Medical Scribe Resume Example & Writing Guide

Use this Medical Scribe resume example and guide to improve your career and write a powerful resume that will separate you from the competition.

Medical scribes are an integral part of a healthcare team, bridging the gap between patient care and documentation. They’re often the first point of contact patients have with a practice or facility, so it’s important that they’re friendly, helpful, and knowledgeable.

Medical scribes often work under the direction of a physician or nurse practitioner, logging patient information into electronic medical records and helping to coordinate care across departments. They might also help with insurance forms and paperwork, assist with physical exams, and perform other administrative duties.

Because medical scribing is such a diverse field with many different responsibilities, you’ll need a resume that reflects your skills and experience without being too general. Follow these tips and resume example to write a medical scribe resume that hiring managers will love.

David Moore
Phoenix, AZ | (123) 456-7891 | [email protected]

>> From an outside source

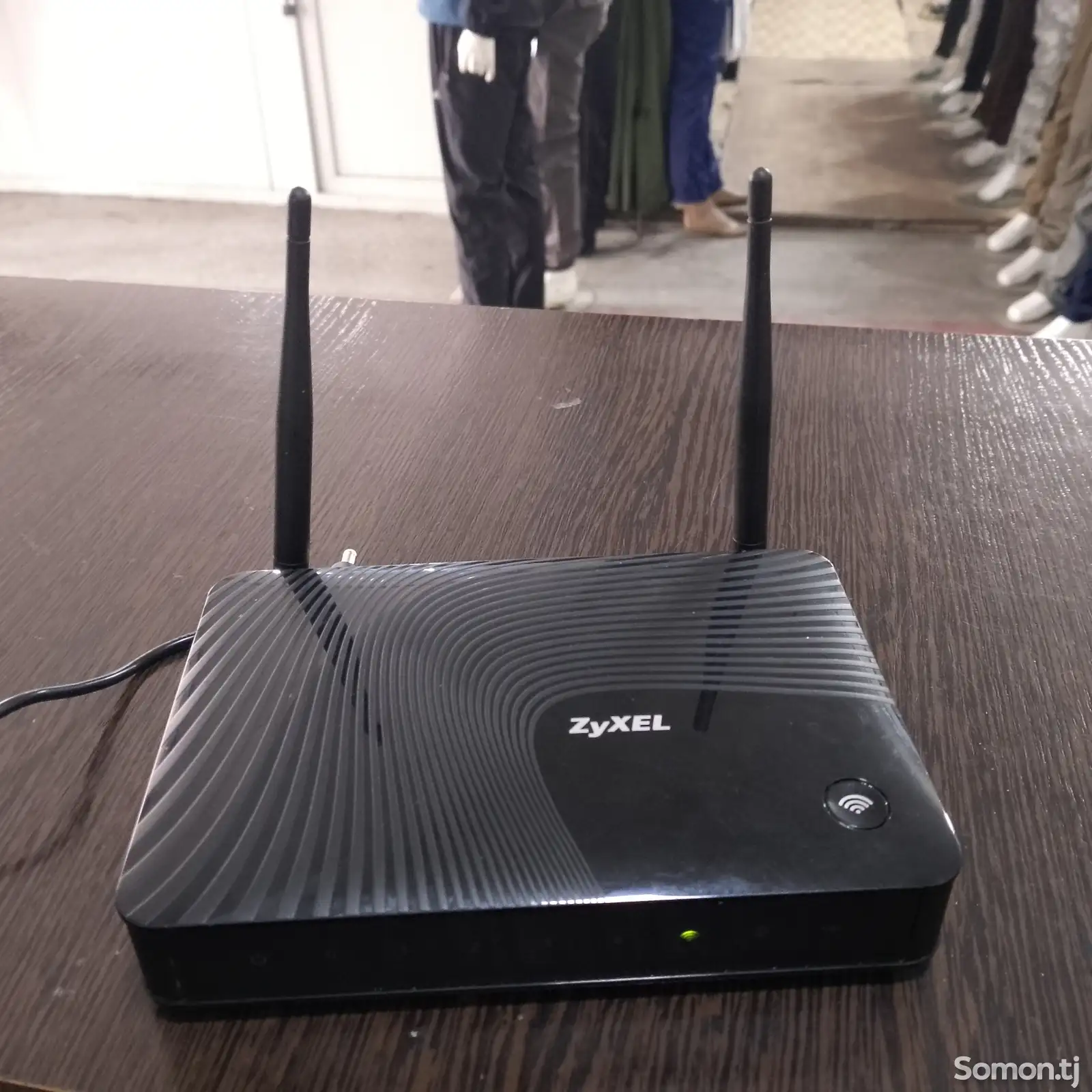 Wi-Fi роутер для 3G/ 4G модема Zyxel Keenetic Omni-1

Experienced and compassionate medical scribe with a passion for helping others. Proven ability to manage patient information, compile medical records, and transcribe doctor-patient interactions. Eager to use skills and experience to support a team of healthcare professionals in providing quality care to patients.

Northern Arizona University Jun '10
B.S. in Biology
Company A, Medical Scribe Jan '17 – Current
  • Assisted with the documentation of patient care, including but not limited to vital signs, medication administration, and progress notes in accordance with physician orders and applicable regulations.
  • Provided clerical support for physicians by copying medical records as directed by the physician or other healthcare team members.
  • Maintained a clean and organized work area at all times and assisted physicians during procedures when needed such as holding retractors, suctioning blood/fluids, etc.
  • Documented daily activities on EMR system (CareVantage) according to physician instructions and established effective communication between patients and providers regarding health status issues.
  • Performed other duties as assigned by supervisor or manager based upon job description requirements.
Company B, Medical Scribe Jan '12 – Dec '16
  • Created a system to track patient symptoms and medication, which improved the accuracy of prescription orders by 25%
  • Assisted in the care of over 100 patients per day with an emphasis on educating them about their conditions
  • Maintained accurate records for ~200 patients using EMR software (Covidence)
  • Ensured that all necessary paperwork was completed before leaving each appointment (~90% completion rate)
  • Answered questions from patients regarding billing, insurance coverage, and general medical information
Company C, Medical Assistant Jan '09 – Dec '11
  • Greeted patients and collected information such as patient medical history, vital signs, and insurance information.
  • Scheduled appointments and assisted with patient check-in and check-out processes.
  • Performed basic administrative tasks such as answering phones, scheduling appointments, and handling patient inquiries.
  • National Healthcareer Association (NHA) Certified Medical Scribe
  • Certified Electronic Health Record Specialist (CEHRS)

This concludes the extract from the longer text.